Basically, the usual homophobic Russian lawmakers are at it again, and at the same time they blame America for "pedophilia, violence and brutality" (since they are against violence and brutality), while praising Italy for their banning of homosexual couples (and all sort of rights to LGBT people - I live there sadly):



> Russia’s ombudsman for children’s rights has admitted that currently only Italy matches the two main criteria for adoption of Russian children – a bilateral agreement with Russia and a ban on same-sex marriage.
> Russian officials are not planning a change to this position and will not allow adoptions to citizens of countries that have not signed bilateral agreements, Pavel Astakhov told Interfax.
> “_This is not our fate. We have national adoption as a priority_,” he added.
> Russia has signed bilateral adoption agreements with the United States, France and Italy, but the first two documents have since been suspended. The agreement with the United States was canceled after Russia’s repeated complaints that the US authorities barred its diplomats and law enforcers from investigation of violations of the adopted children’s rights – ranging from cruel treatment to sometimes manslaughter.
> ...


Source


----------



## Guild McCommunist (Nov 29, 2013)

Why would anyone want Russian children.


----------



## ShadowSoldier (Nov 29, 2013)

Guild McCommunist said:


> Why would anyone want Russian children.


 

Ftfy.


----------



## DinohScene (Nov 29, 2013)

Feels like we're back in the 1900's again.


----------



## p1ngpong (Nov 29, 2013)

Makes sense to me.


----------



## spotanjo3 (Nov 29, 2013)

LOL.. Italy have same sex couples there too. Russia is really silly. The same sex are everywhere. Russia is going to change their policy over same sex couples someday anyway.



Guild McCommunist said:


> Why would anyone want Russian children.


 
What's wrong with that ? Every children in the world are beautiful children and they need love for opposite and same sex couples anyway. The race isn't important. Love is.


----------



## Tom Bombadildo (Nov 29, 2013)

So...I can't get a Russian Bride Child online for cheap?


----------



## Veho (Nov 29, 2013)

Guild McCommunist said:


> Why would anyone want Russian children.

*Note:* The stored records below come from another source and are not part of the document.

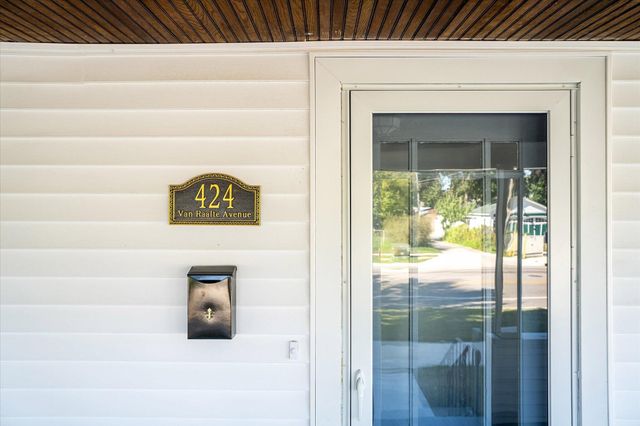424 Van Raalte Avenue, Holland City, MI 49423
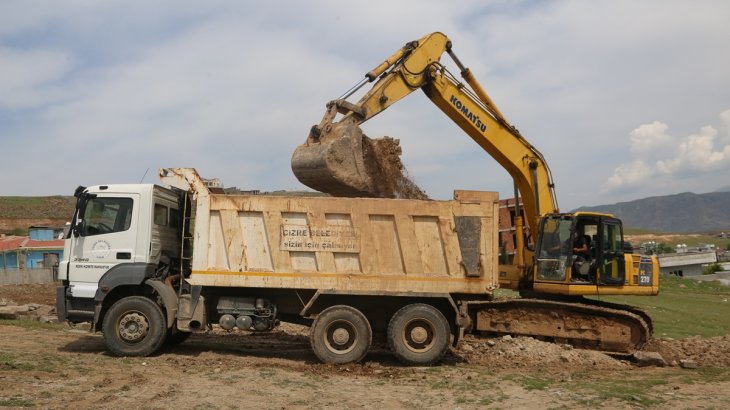 Belediyemiz Cudi ile Sur Mahallesinde Yeni İmar Yolu Açma Çalışması Başlattı.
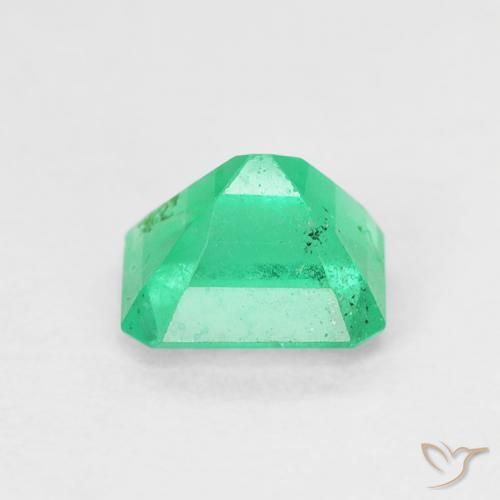 Esmeralda Verde claro natural de 0.63 ct, corte esmeralda, VS-SI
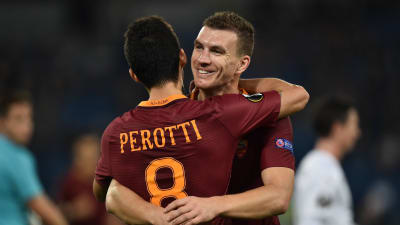 AS Romas Edin Dzeko och Diego Perotti kramar om varandra.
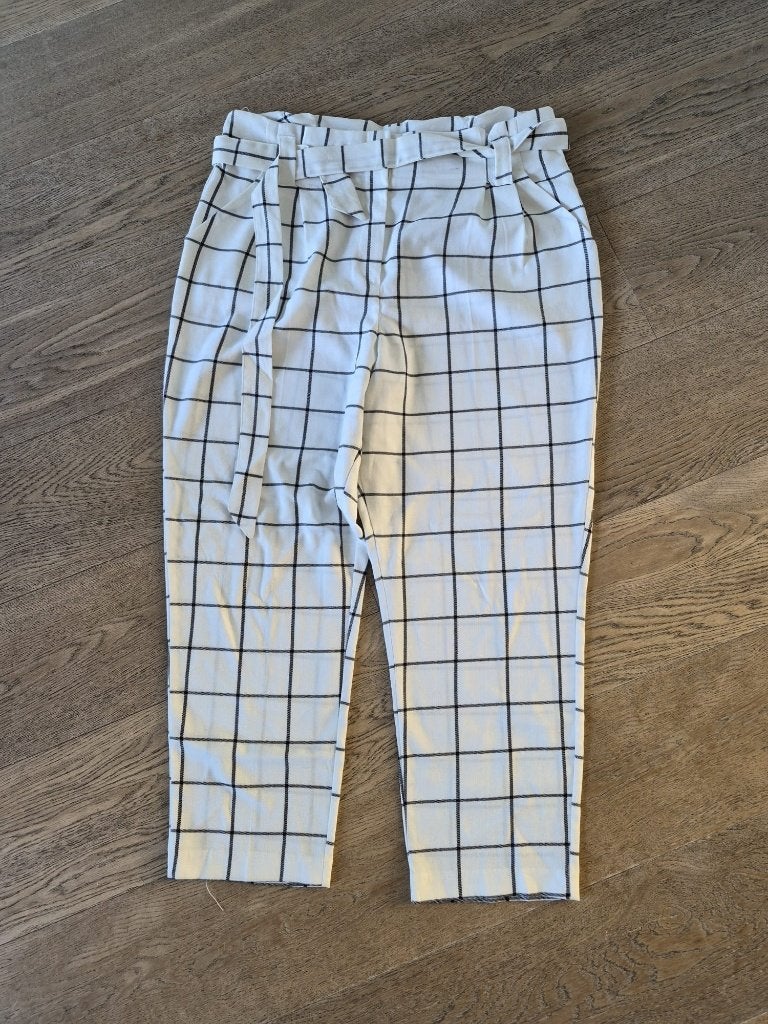 Enkellange Broek Primark maat 46 dames - wit, Primark, Wit, Maat 46/48 (XL) of groter, Ophalen of Verzenden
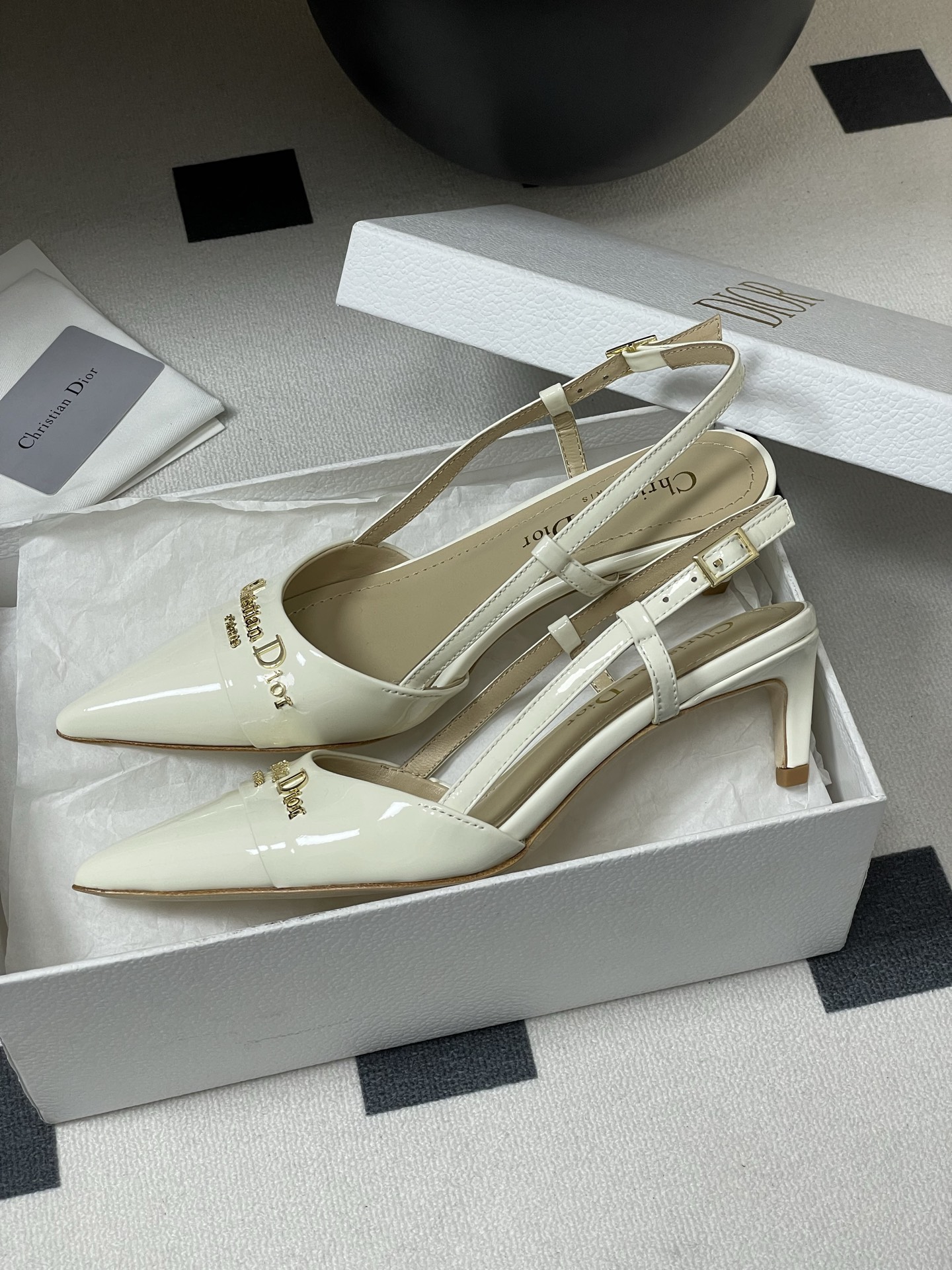 Bagsaaa My D10r Slingback Pump White Patent Calfskin 5cm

The "nature VS nurture" debate ends with Guild.


----------



## Foxi4 (Nov 29, 2013)

I don't see anything odd here - homosexuality is treated as indecensy and perversion and any and all displays of it are legally forbidden in the public sphere, as such, the Russian government takes measures to _"protect"_ Russian children from what it believes to be indecent and perverted. It's literally doing its job according to its own standards it laid out.

Is it homophobic? Of course it is, so is _a massive portion of the Russian society_. Go on ahead and blame government propaganda, the influence of orthodox church, the strong insistance on tradition and as part of it also the traditional image of a family, but at the end of the day, the great majority of Russians just don't like homosexuals - that's how they were brought up and they don't question this legislature - if anything, many support it.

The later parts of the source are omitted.